*** DATA TO PROCESS

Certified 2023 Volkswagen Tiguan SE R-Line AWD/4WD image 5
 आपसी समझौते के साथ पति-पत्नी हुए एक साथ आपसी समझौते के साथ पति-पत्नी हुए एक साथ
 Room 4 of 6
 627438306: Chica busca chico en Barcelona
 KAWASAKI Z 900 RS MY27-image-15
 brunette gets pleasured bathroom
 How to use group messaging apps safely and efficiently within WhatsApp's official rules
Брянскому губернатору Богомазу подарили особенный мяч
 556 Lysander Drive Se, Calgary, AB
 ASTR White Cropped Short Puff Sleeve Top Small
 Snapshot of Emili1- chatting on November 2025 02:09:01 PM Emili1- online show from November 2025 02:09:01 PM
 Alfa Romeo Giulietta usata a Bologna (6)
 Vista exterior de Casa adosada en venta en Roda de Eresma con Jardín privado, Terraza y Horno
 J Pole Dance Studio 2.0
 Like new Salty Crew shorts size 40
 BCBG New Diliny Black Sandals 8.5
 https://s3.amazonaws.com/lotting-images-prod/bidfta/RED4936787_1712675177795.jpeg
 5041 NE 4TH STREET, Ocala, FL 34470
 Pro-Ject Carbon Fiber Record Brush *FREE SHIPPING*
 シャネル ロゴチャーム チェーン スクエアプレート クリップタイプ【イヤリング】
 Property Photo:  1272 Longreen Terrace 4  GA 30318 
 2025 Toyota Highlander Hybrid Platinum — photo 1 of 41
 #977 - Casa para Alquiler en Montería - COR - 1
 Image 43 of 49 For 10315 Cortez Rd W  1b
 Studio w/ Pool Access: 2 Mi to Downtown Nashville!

******

:: TASK BRIEF ::
When you repeat the data, keep each line exactly as given.

:: WORKED SOLUTION ::
Certified 2023 Volkswagen Tiguan SE R-Line AWD/4WD image 5
 आपसी समझौते के साथ पति-पत्नी हुए एक साथ आपसी समझौते के साथ पति-पत्नी हुए एक साथ
 Room 4 of 6
 627438306: Chica busca chico en Barcelona
 KAWASAKI Z 900 RS MY27-image-15
 brunette gets pleasured bathroom
 How to use group messaging apps safely and efficiently within WhatsApp's official rules
Брянскому губернатору Богомазу подарили особенный мяч
 556 Lysander Drive Se, Calgary, AB
 ASTR White Cropped Short Puff Sleeve Top Small
 Snapshot of Emili1- chatting on November 2025 02:09:01 PM Emili1- online show from November 2025 02:09:01 PM
 Alfa Romeo Giulietta usata a Bologna (6)
 Vista exterior de Casa adosada en venta en Roda de Eresma con Jardín privado, Terraza y Horno
 J Pole Dance Studio 2.0
 Like new Salty Crew shorts size 40
 BCBG New Diliny Black Sandals 8.5
 https://s3.amazonaws.com/lotting-images-prod/bidfta/RED4936787_1712675177795.jpeg
 5041 NE 4TH STREET, Ocala, FL 34470
 Pro-Ject Carbon Fiber Record Brush *FREE SHIPPING*
 シャネル ロゴチャーム チェーン スクエアプレート クリップタイプ【イヤリング】
 Property Photo:  1272 Longreen Terrace 4  GA 30318 
 2025 Toyota Highlander Hybrid Platinum — photo 1 of 41
 #977 - Casa para Alquiler en Montería - COR - 1
 Image 43 of 49 For 10315 Cortez Rd W  1b
 Studio w/ Pool Access: 2 Mi to Downtown Nashville!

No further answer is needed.